= Beginning of Section =

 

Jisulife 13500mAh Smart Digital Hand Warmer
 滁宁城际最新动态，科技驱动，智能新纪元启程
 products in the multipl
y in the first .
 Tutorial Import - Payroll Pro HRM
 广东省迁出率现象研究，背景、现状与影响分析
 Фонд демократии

= End of Section =
= Beginning of Section =

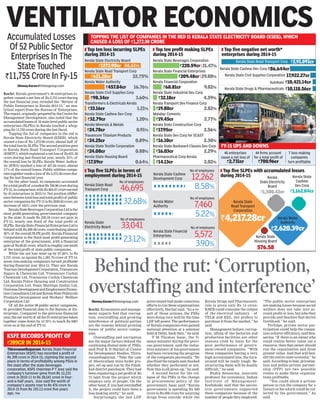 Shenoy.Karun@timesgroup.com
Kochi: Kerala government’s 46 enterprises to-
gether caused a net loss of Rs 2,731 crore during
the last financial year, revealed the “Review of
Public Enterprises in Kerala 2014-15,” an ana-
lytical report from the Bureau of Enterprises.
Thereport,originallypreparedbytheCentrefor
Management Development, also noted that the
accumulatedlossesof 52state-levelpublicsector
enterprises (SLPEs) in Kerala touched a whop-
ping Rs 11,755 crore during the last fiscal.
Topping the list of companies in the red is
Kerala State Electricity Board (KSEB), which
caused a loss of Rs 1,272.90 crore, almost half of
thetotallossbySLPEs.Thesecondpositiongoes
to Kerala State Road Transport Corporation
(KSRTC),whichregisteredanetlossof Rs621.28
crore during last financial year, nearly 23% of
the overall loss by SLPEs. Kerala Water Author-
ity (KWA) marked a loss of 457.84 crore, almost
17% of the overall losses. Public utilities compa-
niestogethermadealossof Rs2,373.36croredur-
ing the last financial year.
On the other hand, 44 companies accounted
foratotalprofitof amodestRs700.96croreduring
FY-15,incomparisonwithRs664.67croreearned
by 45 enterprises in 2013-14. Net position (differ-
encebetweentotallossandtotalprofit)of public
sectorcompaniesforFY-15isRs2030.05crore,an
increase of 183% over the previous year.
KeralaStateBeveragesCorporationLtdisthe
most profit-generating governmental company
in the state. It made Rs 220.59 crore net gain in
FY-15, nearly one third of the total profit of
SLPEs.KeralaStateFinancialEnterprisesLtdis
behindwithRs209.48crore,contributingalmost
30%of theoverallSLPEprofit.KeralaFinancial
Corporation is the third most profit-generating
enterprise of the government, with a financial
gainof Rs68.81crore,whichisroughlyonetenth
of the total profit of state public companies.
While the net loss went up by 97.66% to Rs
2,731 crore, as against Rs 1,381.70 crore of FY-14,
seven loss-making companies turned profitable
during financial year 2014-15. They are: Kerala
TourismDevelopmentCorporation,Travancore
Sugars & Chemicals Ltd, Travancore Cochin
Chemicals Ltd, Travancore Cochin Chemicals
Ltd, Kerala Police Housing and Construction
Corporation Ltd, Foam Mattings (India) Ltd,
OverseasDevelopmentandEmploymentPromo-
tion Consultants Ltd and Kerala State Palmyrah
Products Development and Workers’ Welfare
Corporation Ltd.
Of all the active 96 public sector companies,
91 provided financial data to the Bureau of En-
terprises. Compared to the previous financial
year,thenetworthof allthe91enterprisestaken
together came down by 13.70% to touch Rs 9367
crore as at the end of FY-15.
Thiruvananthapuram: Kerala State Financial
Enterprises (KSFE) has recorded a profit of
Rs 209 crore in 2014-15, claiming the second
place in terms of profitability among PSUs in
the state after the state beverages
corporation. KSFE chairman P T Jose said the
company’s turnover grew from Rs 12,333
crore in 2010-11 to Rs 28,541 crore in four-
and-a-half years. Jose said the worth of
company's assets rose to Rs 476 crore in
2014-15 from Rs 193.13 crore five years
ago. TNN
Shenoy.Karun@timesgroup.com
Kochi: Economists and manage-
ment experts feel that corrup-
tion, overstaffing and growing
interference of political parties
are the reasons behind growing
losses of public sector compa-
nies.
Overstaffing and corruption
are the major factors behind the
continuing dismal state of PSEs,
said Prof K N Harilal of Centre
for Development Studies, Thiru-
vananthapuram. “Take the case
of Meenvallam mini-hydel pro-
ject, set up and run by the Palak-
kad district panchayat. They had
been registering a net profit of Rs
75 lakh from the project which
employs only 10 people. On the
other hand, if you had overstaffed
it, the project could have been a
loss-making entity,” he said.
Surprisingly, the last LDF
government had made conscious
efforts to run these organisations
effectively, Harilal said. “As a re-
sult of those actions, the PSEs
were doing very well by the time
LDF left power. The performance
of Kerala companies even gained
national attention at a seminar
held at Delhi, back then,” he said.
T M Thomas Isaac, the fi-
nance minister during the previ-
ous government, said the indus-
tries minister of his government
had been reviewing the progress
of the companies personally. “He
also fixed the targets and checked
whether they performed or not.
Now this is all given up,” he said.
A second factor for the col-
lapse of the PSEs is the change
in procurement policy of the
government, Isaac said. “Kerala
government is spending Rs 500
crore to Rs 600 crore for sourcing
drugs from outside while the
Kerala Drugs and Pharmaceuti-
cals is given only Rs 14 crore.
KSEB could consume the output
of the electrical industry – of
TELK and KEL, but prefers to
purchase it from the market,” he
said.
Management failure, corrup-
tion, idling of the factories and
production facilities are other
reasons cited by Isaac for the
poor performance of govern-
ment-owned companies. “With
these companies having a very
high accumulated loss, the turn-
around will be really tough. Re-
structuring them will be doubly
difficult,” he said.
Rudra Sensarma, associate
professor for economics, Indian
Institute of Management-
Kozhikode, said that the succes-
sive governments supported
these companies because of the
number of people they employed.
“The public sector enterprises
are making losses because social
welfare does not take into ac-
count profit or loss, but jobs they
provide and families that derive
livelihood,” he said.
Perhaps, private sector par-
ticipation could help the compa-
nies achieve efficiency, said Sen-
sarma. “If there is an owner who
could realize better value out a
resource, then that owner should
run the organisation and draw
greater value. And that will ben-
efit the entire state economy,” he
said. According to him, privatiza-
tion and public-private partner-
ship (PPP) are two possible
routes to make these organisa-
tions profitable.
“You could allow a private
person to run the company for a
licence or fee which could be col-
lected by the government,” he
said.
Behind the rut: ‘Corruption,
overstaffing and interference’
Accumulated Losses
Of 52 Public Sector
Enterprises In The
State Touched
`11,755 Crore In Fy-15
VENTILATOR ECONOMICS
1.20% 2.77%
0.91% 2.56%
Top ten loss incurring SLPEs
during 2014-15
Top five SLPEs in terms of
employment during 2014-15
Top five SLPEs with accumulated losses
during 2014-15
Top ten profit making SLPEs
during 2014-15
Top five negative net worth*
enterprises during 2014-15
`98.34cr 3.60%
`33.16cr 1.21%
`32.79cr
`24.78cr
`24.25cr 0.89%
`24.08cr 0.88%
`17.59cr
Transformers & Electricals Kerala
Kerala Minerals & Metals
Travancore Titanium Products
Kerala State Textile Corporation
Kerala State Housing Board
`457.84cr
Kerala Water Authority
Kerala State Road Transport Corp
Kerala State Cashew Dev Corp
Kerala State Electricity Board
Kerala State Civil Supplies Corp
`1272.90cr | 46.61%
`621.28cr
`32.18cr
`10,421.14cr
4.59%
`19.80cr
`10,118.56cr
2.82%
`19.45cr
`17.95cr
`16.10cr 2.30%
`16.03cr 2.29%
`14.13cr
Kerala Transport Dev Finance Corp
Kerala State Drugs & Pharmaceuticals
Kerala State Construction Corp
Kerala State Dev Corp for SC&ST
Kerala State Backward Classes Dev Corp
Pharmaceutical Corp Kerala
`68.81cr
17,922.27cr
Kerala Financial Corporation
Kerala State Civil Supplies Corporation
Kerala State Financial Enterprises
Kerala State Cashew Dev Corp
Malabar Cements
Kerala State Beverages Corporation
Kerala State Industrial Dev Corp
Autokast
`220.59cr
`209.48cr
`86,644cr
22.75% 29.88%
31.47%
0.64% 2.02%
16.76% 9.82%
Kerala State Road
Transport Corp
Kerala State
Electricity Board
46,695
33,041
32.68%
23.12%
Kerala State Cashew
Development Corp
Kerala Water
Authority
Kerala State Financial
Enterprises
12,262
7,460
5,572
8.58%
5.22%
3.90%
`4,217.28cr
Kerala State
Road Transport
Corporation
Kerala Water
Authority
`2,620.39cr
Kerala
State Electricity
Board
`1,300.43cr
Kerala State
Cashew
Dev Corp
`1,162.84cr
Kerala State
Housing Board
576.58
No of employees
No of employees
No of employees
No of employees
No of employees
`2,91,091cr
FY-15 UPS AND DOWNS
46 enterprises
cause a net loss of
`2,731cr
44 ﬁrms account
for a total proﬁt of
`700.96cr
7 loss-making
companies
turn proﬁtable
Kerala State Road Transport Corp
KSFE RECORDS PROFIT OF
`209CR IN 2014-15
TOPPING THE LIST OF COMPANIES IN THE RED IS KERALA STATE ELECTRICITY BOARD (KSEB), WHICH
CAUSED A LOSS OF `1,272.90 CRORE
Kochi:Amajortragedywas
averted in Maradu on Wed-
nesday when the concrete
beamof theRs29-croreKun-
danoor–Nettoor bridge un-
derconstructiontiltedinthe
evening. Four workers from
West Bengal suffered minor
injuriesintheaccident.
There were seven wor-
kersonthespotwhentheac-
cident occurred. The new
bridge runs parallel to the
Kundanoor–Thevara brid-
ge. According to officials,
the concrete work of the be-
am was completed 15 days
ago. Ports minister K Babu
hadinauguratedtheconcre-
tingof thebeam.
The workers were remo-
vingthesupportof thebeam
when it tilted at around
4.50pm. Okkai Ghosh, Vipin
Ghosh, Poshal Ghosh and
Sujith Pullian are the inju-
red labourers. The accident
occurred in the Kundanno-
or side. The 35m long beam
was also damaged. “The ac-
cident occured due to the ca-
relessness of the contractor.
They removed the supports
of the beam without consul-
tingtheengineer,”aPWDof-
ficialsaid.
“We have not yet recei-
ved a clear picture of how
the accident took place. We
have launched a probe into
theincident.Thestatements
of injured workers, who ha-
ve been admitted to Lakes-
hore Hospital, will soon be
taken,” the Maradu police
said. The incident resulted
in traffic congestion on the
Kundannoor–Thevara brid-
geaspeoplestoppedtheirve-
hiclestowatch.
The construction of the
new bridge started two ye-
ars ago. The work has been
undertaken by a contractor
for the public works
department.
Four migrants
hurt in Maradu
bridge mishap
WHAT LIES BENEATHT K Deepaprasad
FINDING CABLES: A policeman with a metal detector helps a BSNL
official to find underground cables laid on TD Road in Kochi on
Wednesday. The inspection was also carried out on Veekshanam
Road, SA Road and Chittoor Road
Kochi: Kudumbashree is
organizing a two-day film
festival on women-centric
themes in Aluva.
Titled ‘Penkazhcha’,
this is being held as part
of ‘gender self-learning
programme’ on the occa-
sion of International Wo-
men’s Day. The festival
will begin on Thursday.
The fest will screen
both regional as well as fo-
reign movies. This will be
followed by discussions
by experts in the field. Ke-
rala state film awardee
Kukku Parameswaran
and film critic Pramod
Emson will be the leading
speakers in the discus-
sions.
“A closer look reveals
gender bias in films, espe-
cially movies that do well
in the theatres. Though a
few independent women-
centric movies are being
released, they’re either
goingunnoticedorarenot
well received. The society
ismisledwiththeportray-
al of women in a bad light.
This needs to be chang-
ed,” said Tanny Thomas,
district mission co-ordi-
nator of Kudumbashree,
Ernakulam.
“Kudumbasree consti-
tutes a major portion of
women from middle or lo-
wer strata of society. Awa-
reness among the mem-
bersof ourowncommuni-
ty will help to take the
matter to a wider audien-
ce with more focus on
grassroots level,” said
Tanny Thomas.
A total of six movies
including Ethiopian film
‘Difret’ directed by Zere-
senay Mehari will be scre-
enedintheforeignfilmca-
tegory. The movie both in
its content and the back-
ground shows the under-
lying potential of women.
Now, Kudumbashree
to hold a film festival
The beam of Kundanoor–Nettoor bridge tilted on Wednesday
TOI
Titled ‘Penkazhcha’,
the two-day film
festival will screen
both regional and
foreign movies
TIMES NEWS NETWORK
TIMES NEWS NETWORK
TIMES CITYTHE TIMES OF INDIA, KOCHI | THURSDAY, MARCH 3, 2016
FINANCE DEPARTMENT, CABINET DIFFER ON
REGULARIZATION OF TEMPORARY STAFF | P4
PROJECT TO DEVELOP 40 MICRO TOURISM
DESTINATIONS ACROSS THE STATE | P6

= End of Section =

* WHAT IS NEEDED *
Your task is to transcribe, with no changes, only the lines of the listing above that lie between the line holding "the Maradu police" and the line holding "by experts in", inclusive.

* ANSWER TO THIS TASK *
taken,” the Maradu police
said. The incident resulted
in traffic congestion on the
Kundannoor–Thevara brid-
geaspeoplestoppedtheirve-
hiclestowatch.
The construction of the
new bridge started two ye-
ars ago. The work has been
undertaken by a contractor
for the public works
department.
Four migrants
hurt in Maradu
bridge mishap
WHAT LIES BENEATHT K Deepaprasad
FINDING CABLES: A policeman with a metal detector helps a BSNL
official to find underground cables laid on TD Road in Kochi on
Wednesday. The inspection was also carried out on Veekshanam
Road, SA Road and Chittoor Road
Kochi: Kudumbashree is
organizing a two-day film
festival on women-centric
themes in Aluva.
Titled ‘Penkazhcha’,
this is being held as part
of ‘gender self-learning
programme’ on the occa-
sion of International Wo-
men’s Day. The festival
will begin on Thursday.
The fest will screen
both regional as well as fo-
reign movies. This will be
followed by discussions
by experts in the field. Ke-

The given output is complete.